However, this is just a theory with no data to back it up. Until now, evidence of the use of fire relied on archeological evidence from finding burnt objects. These traditional methods have only managed to go as far back as 200,000 years. There is some limited evidence for the use of fire about 500,000 years ago, but it only comes from five locations around the world and is not very reliable.
To cover this gap, Dr. Filipe Natalio from Weizmann’s Plant and Environmental Sciences Department and Dr. Ido Azuri from Weizmann’s Life Core Facilities Department used pioneering AI and spectroscopy technology to find evidence for using fire on the Evron Quarry in Israel. “When we started this project,” says Natalio, “the archaeologists who’ve been analyzing the findings from Evron Quarry told us we wouldn’t find anything. We should have made a bet.”
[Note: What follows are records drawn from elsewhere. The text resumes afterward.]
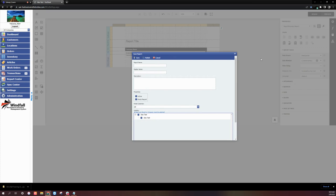From here, we'll set the report name, display name, set to Active, and select the companies that can access the report. So we'll want to describe what the report does so it easily communicates to users how they can interpret the results.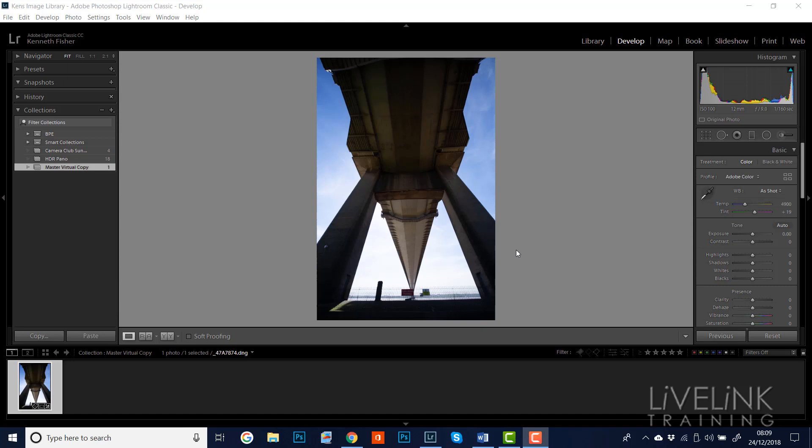So how can we get rid of that pesky original and keep the virtual copy? Okay, well let's dig in and find out. My name's Ken Fisher and this is Livelink Training.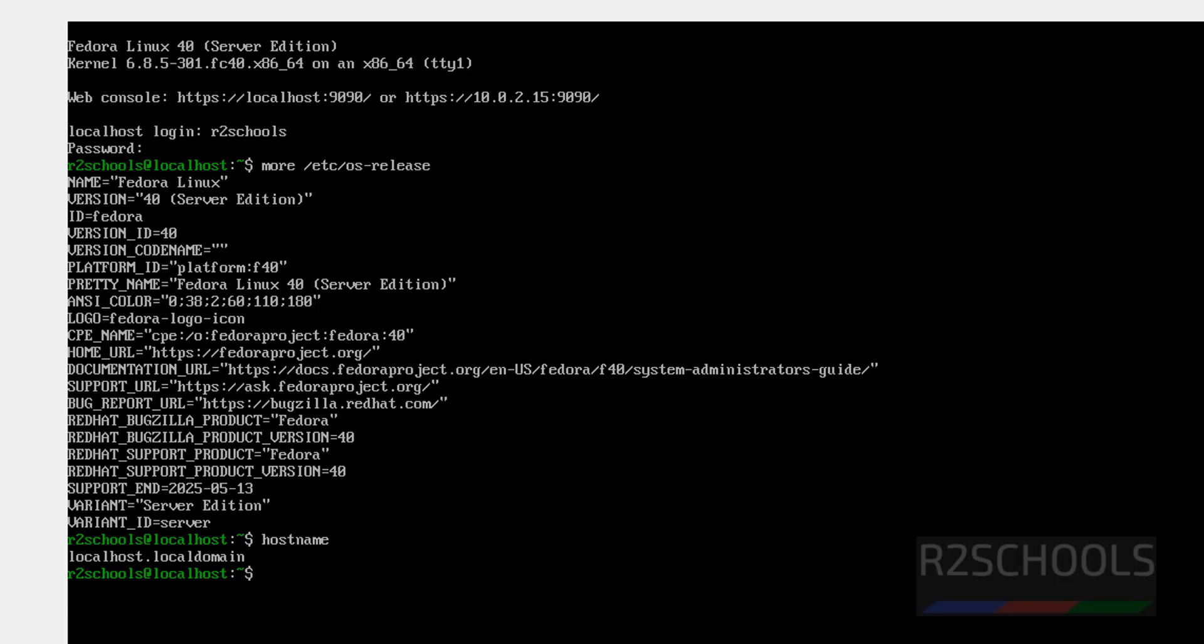So, in this video, we have seen how to download and install Fedora Server 40 on VirtualBox. For more Fedora or Linux tutorials, please subscribe my channel. Thank you.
The quarry, located in western Galilee, is an open archaeological site discovered in the 70s, where researchers have found several animal fossils and tools dating back to between 800,000 and 1 million years ago, making it one of the oldest archeological sites in Israel.
None of these finds really shows visual evidence of heat. This is not surprising given that ash and charcoal degrade over time, eliminating the chances of finding any evidence. But the team was determined to continue the search.
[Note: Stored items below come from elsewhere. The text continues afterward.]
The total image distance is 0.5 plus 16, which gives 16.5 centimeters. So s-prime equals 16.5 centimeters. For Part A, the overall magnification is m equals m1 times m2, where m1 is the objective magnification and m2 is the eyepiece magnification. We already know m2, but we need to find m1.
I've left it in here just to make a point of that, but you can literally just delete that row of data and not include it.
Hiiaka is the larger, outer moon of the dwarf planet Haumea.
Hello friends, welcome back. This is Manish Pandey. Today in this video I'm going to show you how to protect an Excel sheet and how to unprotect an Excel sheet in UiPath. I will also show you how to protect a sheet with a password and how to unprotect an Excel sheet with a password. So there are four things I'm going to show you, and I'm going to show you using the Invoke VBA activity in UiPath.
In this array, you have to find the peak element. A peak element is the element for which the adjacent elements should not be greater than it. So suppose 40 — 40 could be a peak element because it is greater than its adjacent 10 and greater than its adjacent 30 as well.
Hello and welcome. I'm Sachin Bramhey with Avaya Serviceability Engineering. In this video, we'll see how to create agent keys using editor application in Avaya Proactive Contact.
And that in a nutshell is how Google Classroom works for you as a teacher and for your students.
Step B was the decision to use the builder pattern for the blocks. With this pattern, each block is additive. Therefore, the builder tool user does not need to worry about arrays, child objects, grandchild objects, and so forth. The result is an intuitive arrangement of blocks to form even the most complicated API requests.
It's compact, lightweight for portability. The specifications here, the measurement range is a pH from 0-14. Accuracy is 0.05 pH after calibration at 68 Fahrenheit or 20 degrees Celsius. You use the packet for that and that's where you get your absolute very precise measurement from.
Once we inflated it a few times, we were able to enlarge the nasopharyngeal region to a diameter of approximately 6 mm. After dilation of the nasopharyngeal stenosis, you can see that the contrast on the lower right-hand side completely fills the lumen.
To do this, they turned to an advanced AI model they had previously used in other samples. “We tested a variety of methods, among them traditional data analysis methods, machine learning modeling, and more advanced deep learning models,” said Azuri. “The deep learning models that prevailed had a specific architecture that outperformed the others and successfully gave us the confidence we needed to further use this tool in an archaeological context having no visual signs of fire use.” They settled on AI because it can find hidden patterns across a multitude of scenarios.
By analysing the chemical composition of different materials, the AI system can estimate the temperature to which the stone tools were heated, providing valuable information about if and how humans used fire almost a million years ago. For the study, the team analysed the heat signature of 26 flint tools found at the quarry site. The results showed that the tools had been heated to different temperatures, some more than 600°C. In addition, an analysis of 87 animal remains found that some of them had also been exposed to high temperatures.
“Our approach highlights the possibility of extracting “hidden” information on pyrotechnology-related activities from artifacts beyond the classical visual initial assessment,” concluded the authors. “We propose reexamining artifacts unearthed from other sites, including those located in the Levant may broaden our understanding of the relationship between early hominins and fire.”